According to the Norwegian broadcasting station NKR, two of the participants decided to give up the attempt to ski to the South Pole and asked for a plane to pick them up and fly them the last 80 kilometres.
The other two including three-time Olympic champion Vegard Ulvang decided to continue, although aware they won’t make it on time for the celebration with PM Stolenberg who was planning to ski the last twenty kilometres with the expedition that is trying to re-edit Admundsen’ feat in 1911.
Roald Amundsen and his team were the first to reach the South Pole on 14 December 1911, thus winning the Antarctica race to British explorer Robert Falcon Scott, who arrived a month later and died on the trip back together with four of his expedition members.
Norway's PM Stoltenberg on Monday skied in South Pole as he prepared for the Wednesday celebration. Wearing a red expedition parka and the Norwegian Polar Institute's red hat, more or less what he would wear back in Oslo at this time of the year, Stoltenberg donned skis then quickly tweeted: Skiing at the South Pole: beautiful and wild nature.

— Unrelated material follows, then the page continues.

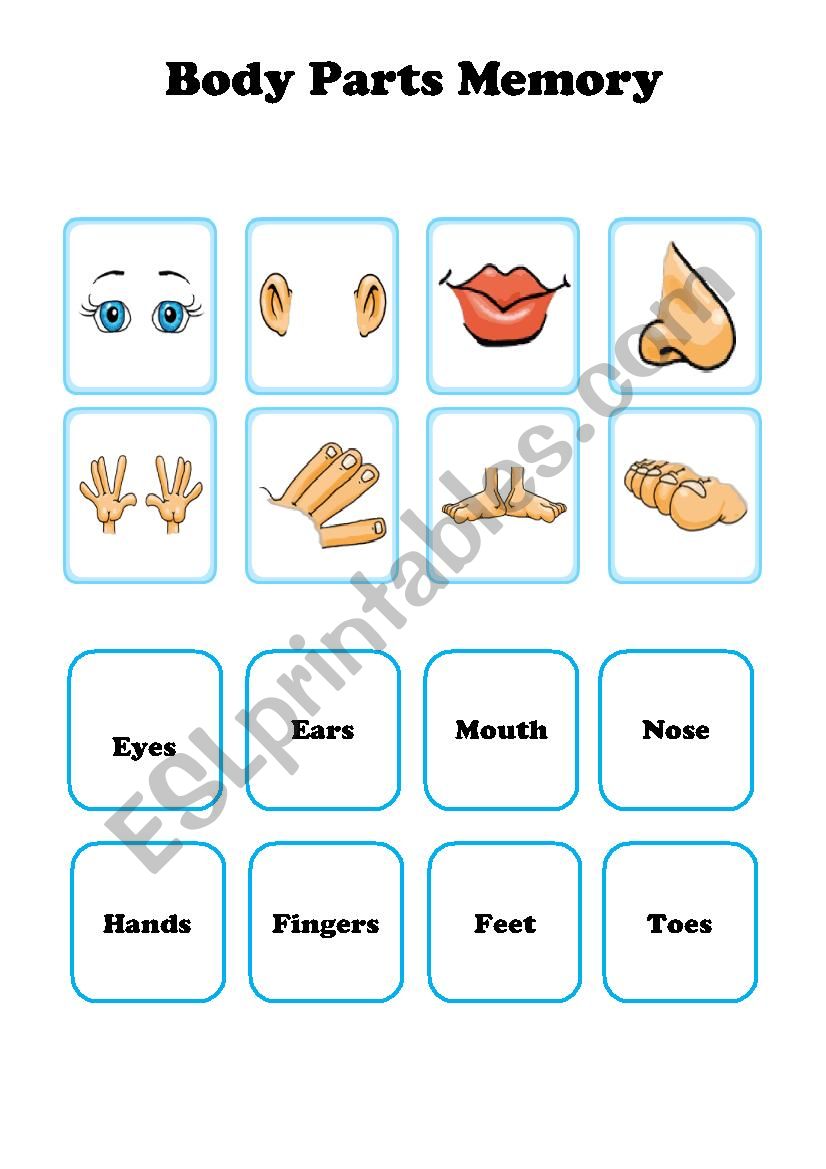 body parts flashcards worksheet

Ulvang, a six-time cross country skiing Olympic medallist, including three gold-medals from Albertville in 1992, did not have it quite as easy, since he won’t be accomplishing their objective.
Our strategy now is to cut down on sleep and rest and stake everything on skiing 35-40 km each of the next two days the expedition said in its online diary. Then we will ski non-stop from [tonight] until [Wednesday afternoon].
But unlike Amundsen, Ulvang and team mates Jan-Gunnar Winther, Stein P. Aasheim and Harald Dag Joelle had to rely on their skis as sled dogs have been banned in Antarctica since 1994.
Even if the terrain we cross is known, and our equipment is state-of-the-art, it is still a long, cold, windy journey, the expedition has anticipated.